Big data is firstly, an Eldorado. The perfect programmatic vector to sharpen greed and start a gold rush. There is evidently the “big” that authorizes all superlatives and opens all horizons of immensities like a hold-up booty. But there is also the “data” that constitutes a form of digitized gold. Like the yellow metal, it possesses a dual character. A physical dimension, quantifiable — we have the number of terabytes which is are billions of billion octets — compatible, stocked on clouds. And a symbolic aura that an occult branch of power, of control and of force because data is also information.

Then, big data, inevitably evokes Big Brother, the myth built by George Orwell in 1984. A constant reference to illustrate the data-panopticon, this capacity that big data players seemingly have — first of all the GAFA (Google, Apple, Facebook and Amazon) — in order to know and control everything via geolocation, the multiplication of digital traces left by each on the Web, via applications and social networks…

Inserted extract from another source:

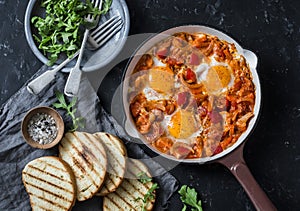 Coconut milk curry vegetables shakshuka and grilled bread on dark background, top view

And lastly, big data is experienced like an echo from the Minority Report the new anticipation of Philip K. Dick — widely popularized by the homonymous film by Steven Spielberg with Tom Cruise. A fiction that is set in the future, a police, thanks to mutants with divine powers — the Precogs, abbreviation of precognition — would be in the measure to stop suspects before they even commit the act. A perfect illustration of the fantasies underlying the hypothesis of predictive big data: being ready thanks to user profiling to anticipate their future state of desire. In the 70s, the myth of the subliminal message that frightened the enlightened minds. The belief that the existence of a hidden injunction inside advertising message, like an undetectable pattern in a carpet that is even more efficient since it’s meant to directly target the unconsciousness without any filter. Today it’s another occult force that we suspect to be at work. Since we know everything through our digital traces — profiling — we may be capable of predicting what we desire.

Ascending spiral

We may think that the last two myths — 1984 and the Minority Report — generally waved off by its detractors, are bothering the players of big data. Although, it is quite the contrary that is taking place: these “totalitarian myths” do nothing except entertain and feed the fantasies on the allmightiness of big data. More we treat the actors of Big Brother or of the Spinx, more we end up accrediting them the effectiveness of their power. Which equally accrues their attractiveness from their clients’ perspectives and consequentially, their valuation. And further the latter grows, further it becomes in turn the proof of their power. And so forth… an ascending spiral logic in which all contributes to reinforce the power of big data. A virtuous circular dynamic, as to say. Which is also sometimes — is it necessary to recall? — the origin of speculative bubbles.

[1] Do not hesitate to read the excellent long-form article “In the head of the NSA — a philosophic history of the American intelligence” by Grégoire Chamayou in Le Crieur n°1 — June 2015 (La Découverte/Médiapart)

[2] « The Purloined Letter » in Extraordinary Stories, Edgar Allan Poe (Livre de Poche)

--

--

Paul Vacca

Auteur. Chroniqueur pour Les Échos Week-end. Intervenant à l'Institut Français de la Mode (IFM Paris), à l’ISG Luxury Geneva (Suisse).